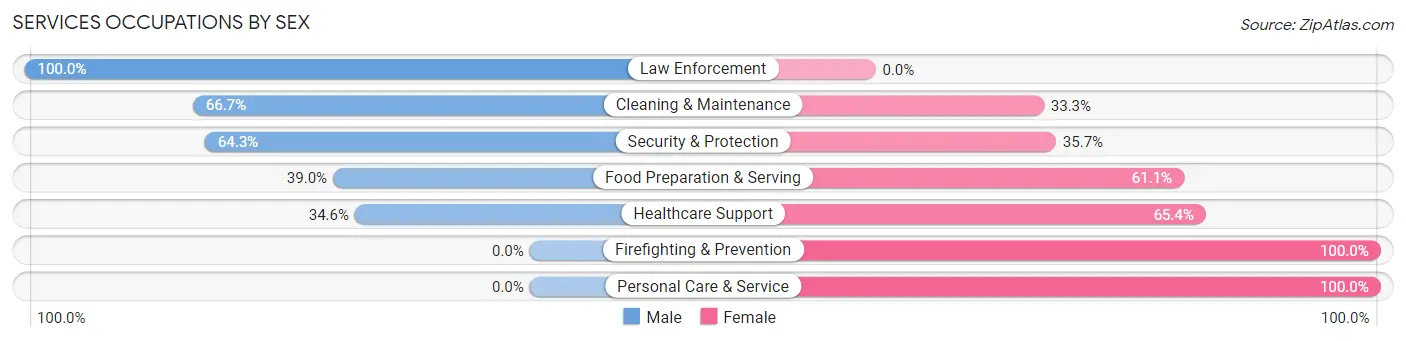Services Occupations by Sex in Villa Grove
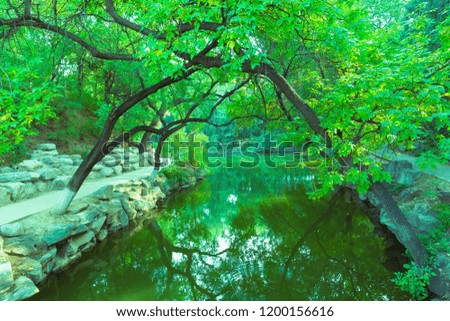 Trees and rivers in Beijing’s Yuanmingyuan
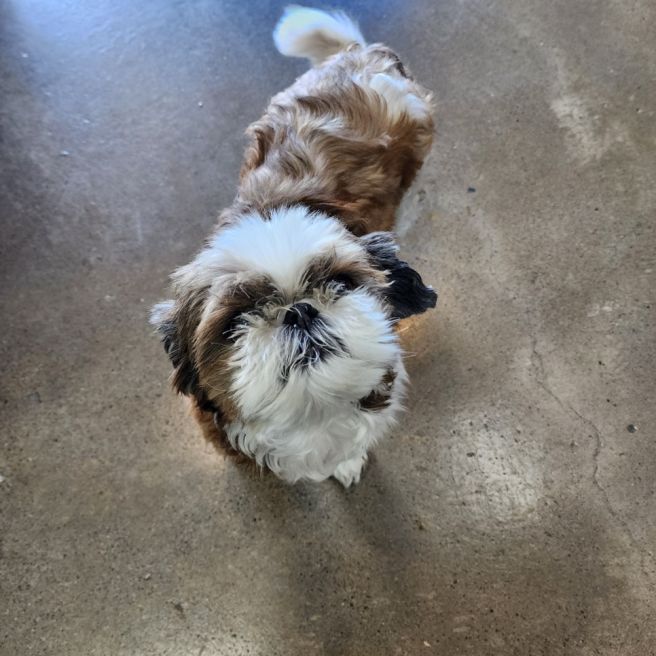 경주 성호리조트 근처 점심맛집,저녁맛집 50년전통 원조떡갈비집 단체환영,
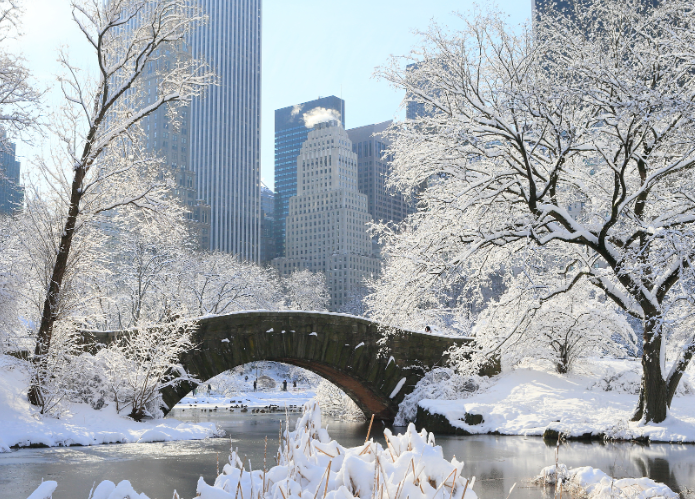 2026上海初雪已至!防风保暖 + 出行安全全攻略请查收 2026上海初雪已至!防风保暖 + 出行安全全攻略请查收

→ Task brief: Leave the images out and output the remaining material exactly as it stands.

→ Response:
Services Occupations by Sex in Villa Grove
 Trees and rivers in Beijing’s Yuanmingyuan
 경주 성호리조트 근처 점심맛집,저녁맛집 50년전통 원조떡갈비집 단체환영,
 2026上海初雪已至!防风保暖 + 出行安全全攻略请查收 2026上海初雪已至!防风保暖 + 出行安全全攻略请查收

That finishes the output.